Face à l’imposture du capitalisme, il est temps de construire ensemble un autre monde juste et solidaire.

INITIATIVE POUR LE RENVOI DES CRIMINELS ETRANGERS : Non à l’initiative et Non au contre-projet

2 juin 2010 - Intervention de Carlo Sommaruga du 2 juin 2010

Les démocraties occidentales, et la démocratie suisse en particulier, se sont construites sur le respect de chaque individu, quelle que soit l’origine sociale, religieuse, ethnique ou raciale. Le respect des droits fondamentaux inscrits dans la Constitution, dans la Convention européenne des droits de l’homme et dans d’autres conventions internationales est la garantie de la pérennité des démocraties. La mise en oeuvre de ces droits fondamentaux correspond à la poursuite des politiques d’inclusion de chaque individu dans la société et donc au renforcement de la cohésion sociale indispensable.

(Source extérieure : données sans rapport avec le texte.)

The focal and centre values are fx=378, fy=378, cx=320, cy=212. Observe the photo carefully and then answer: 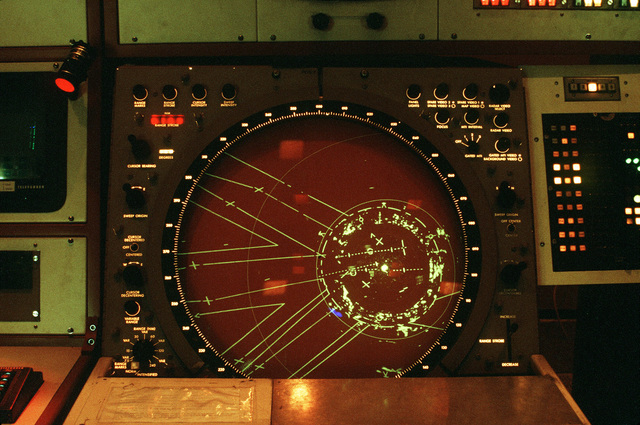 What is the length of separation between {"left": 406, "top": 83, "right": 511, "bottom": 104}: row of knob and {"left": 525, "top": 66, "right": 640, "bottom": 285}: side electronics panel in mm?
148

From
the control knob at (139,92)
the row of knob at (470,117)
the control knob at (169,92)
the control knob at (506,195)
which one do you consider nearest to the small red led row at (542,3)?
the row of knob at (470,117)

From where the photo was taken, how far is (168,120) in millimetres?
1359

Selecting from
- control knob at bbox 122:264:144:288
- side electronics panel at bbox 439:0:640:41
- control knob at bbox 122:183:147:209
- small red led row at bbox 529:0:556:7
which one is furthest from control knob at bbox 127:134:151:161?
small red led row at bbox 529:0:556:7

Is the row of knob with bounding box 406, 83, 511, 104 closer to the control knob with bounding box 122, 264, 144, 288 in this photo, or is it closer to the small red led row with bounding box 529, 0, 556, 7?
the small red led row with bounding box 529, 0, 556, 7

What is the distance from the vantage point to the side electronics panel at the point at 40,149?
1420 millimetres

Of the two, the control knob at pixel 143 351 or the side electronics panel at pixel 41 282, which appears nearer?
the control knob at pixel 143 351

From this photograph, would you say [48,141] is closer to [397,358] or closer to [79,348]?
[79,348]

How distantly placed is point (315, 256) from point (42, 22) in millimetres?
1347

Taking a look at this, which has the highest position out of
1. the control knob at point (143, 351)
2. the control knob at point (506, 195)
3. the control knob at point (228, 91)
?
the control knob at point (228, 91)

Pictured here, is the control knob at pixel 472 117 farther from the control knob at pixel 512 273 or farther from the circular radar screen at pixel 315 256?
the control knob at pixel 512 273

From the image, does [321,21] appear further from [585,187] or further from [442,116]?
[585,187]

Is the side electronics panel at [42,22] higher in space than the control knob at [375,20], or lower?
higher

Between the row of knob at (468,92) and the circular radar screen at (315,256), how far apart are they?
0.16m

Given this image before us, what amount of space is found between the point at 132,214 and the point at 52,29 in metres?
0.78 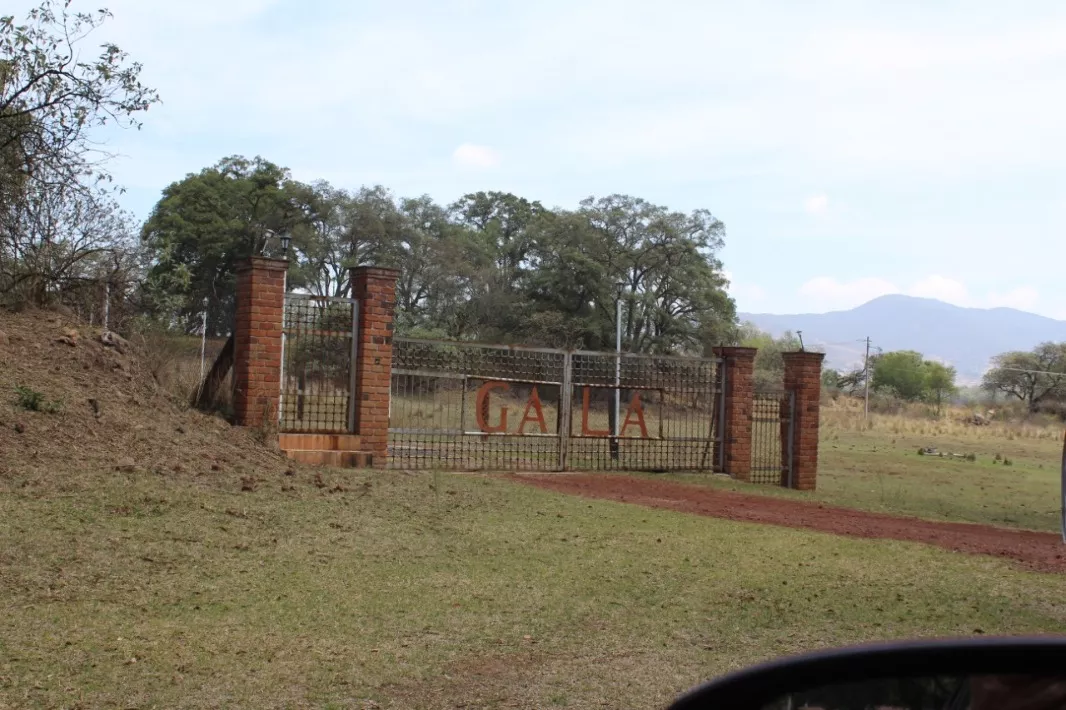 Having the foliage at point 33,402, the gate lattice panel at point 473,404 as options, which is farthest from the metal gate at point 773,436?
the foliage at point 33,402

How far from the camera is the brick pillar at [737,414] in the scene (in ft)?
62.1

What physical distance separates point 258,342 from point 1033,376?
82718 millimetres

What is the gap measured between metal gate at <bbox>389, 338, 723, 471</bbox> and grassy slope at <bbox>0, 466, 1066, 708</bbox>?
446cm

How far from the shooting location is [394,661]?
5.95 meters

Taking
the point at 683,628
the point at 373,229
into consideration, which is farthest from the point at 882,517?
the point at 373,229

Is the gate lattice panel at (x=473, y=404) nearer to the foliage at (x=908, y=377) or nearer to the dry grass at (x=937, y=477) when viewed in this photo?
the dry grass at (x=937, y=477)

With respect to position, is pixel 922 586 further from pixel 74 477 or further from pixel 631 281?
pixel 631 281

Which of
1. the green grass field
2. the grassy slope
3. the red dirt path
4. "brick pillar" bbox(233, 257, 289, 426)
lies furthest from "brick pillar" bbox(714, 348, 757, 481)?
"brick pillar" bbox(233, 257, 289, 426)

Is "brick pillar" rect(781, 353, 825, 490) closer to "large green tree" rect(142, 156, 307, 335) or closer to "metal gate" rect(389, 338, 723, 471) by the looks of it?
"metal gate" rect(389, 338, 723, 471)

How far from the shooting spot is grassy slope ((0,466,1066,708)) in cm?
554

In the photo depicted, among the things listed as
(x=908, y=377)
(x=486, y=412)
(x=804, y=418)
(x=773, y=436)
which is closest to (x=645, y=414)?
(x=773, y=436)

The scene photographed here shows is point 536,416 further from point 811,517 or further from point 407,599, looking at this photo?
point 407,599

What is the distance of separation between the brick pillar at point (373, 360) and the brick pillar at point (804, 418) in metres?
8.02

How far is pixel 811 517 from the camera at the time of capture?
44.9 feet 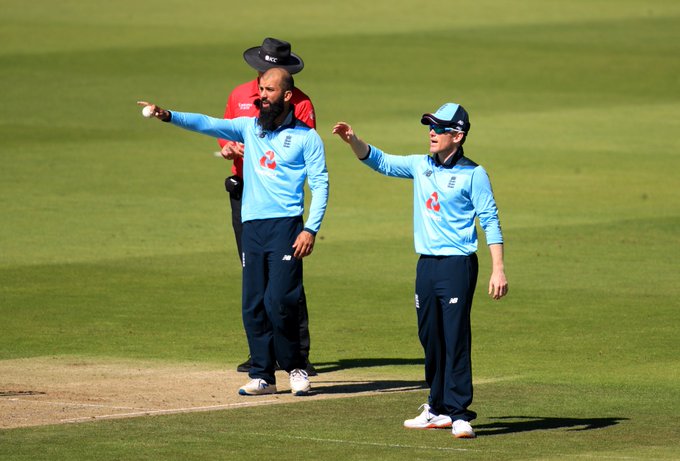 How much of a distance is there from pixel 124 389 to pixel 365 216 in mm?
11636

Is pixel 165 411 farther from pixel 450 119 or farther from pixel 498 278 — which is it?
pixel 450 119

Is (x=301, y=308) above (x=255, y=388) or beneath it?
above

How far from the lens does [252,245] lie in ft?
42.4

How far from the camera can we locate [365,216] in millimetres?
24375

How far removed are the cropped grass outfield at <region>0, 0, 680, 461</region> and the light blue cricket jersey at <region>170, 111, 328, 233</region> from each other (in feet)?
4.97

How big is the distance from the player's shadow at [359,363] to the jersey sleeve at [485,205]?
3361mm

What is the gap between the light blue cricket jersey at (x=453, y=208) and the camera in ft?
37.5

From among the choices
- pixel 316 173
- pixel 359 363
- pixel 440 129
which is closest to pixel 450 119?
pixel 440 129

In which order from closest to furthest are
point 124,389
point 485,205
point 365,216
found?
1. point 485,205
2. point 124,389
3. point 365,216

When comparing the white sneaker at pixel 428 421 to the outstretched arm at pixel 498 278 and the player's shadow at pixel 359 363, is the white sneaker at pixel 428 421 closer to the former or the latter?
the outstretched arm at pixel 498 278

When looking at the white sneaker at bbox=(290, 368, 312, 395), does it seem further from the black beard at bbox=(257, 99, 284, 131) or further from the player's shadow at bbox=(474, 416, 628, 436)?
the black beard at bbox=(257, 99, 284, 131)

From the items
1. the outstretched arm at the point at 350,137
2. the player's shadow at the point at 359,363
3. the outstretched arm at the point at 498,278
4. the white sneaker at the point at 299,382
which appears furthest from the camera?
the player's shadow at the point at 359,363

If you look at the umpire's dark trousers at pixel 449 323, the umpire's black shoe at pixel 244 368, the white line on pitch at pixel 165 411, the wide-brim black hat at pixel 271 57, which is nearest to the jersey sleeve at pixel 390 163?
the umpire's dark trousers at pixel 449 323

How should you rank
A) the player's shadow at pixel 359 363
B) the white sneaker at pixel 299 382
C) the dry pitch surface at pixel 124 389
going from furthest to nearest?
the player's shadow at pixel 359 363
the white sneaker at pixel 299 382
the dry pitch surface at pixel 124 389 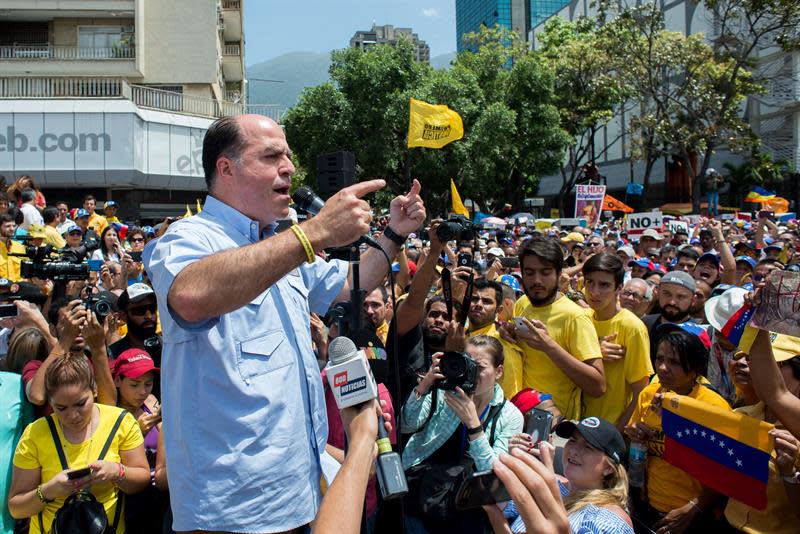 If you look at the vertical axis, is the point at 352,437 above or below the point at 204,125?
below

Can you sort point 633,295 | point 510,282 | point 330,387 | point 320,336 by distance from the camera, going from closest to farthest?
1. point 330,387
2. point 320,336
3. point 633,295
4. point 510,282

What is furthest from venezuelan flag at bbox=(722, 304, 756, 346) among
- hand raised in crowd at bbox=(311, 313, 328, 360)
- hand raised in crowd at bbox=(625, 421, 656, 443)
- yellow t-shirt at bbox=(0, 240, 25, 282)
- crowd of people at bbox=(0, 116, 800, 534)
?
yellow t-shirt at bbox=(0, 240, 25, 282)

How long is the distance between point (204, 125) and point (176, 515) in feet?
87.6

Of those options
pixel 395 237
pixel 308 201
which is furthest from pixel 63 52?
pixel 308 201

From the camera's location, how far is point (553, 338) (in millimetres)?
4629

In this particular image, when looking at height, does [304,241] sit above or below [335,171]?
below

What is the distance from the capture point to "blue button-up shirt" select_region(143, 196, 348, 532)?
2068 millimetres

Les forces nationalistes de notre pays et l’UDC se sont fixé comme objectif de combattre ces valeurs fondamentales, pas de front, mais en s’en prenant aux segments les plus vulnérables de la société, ce qui suscite difficilement une sympathie spontanée. Ce fut le cas avec l’attaque contre la liberté des religions par le biais de l’initiative populaire "contre la construction de minarets" qui s’en prenait à une minorité religieuse. C’est aujourd’hui le cas avec l’initiative populaire "pour le renvoi des étrangers criminels" qui, de fait, s’en prend à l’ensemble des étrangers.

Le courage politique des premiers bâtisseurs de la démocratie suisse devrait inspirer leurs héritiers au sein des groupes libéral-radical et PDC/PEV/PVL pour qu’ils invalident une initiative qui porte clairement atteinte à nos valeurs constitutionnelles, pour que leurs forces participent à la clôture d’un faux débat et pour qu’on admette que l’arsenal juridique actuel, contrairement aux affirmations mensongères des initiants et des nationalistes, permet déjà d’expulser les criminels étrangers. En effet, la loi actuelle permet, dans le respect de la Constitution fédérale et des droits individuels de chacun, d’éloigner les criminels qui auraient commis l’irréparable.

Accepter de valider l’initiative, c’est accepter l’érosion idéologique des droits fondamentaux et de notre démocratie. Mais c’est aussi renforcer le discours selon lequel le mal serait incarné par l’étranger, discours que distille l’UDC depuis des décennies en s’en prenant tour à tour aux sans-papiers, aux requérants d’asile, aux travailleurs étrangers migrants, aux étrangers résidents, aux double nationaux, aux naturalisés et finalement aussi aux Suisses qui se solidarisent avec ces catégories de la population. Invalider l’initiative, la rejeter et rejeter le contre-projet, ce n’est pas nier le problème de la criminalité, c’est répondre à cette question par la loi, par une loi qui s’applique à tous de la même manière.

Depuis toujours, les sociétés connaissent la criminalité. Depuis que les statistiques existent, l’on sait de manière claire et incontestable que les délinquants sont des hommes jeunes sans formation générale et sans perspective d’avenir. Une statistique fondée non pas sur la nationalité mais sur la formation et le revenu montrerait que c’est la pauvreté, la carence de formation et l’exclusion sociale qui sont les caractéristiques des criminels en Suisse. C’est en combattant ces facteurs que nous aurons une société plus sûre et non pas en excluant.

C’est par un discours clair, sans concessions, édifié sur les valeurs républicaines de respect des droits fondamentaux de chaque citoyenne et de chaque citoyen, qui fonde d’ailleurs la pensée de gauche comme de droite, que notre démocratie résistera à la démagogie populiste. Les demi-mesures et les concessions tactiques dans ce domaine créent la confusion dans les têtes et renforcent l’idéologie de la discrimination.

Il est temps de parler clair, de reprendre l’initiative politique en invalidant le texte qui nous est soumis aujourd’hui, en le rejetant en cas de couardise du centre droit et en refusant les demi-mesures d’un contre-projet qui inscrirait dans la Constitution une politique à l’égard des étrangers qu’il sera pratiquement impossible de modifier à l’avenir.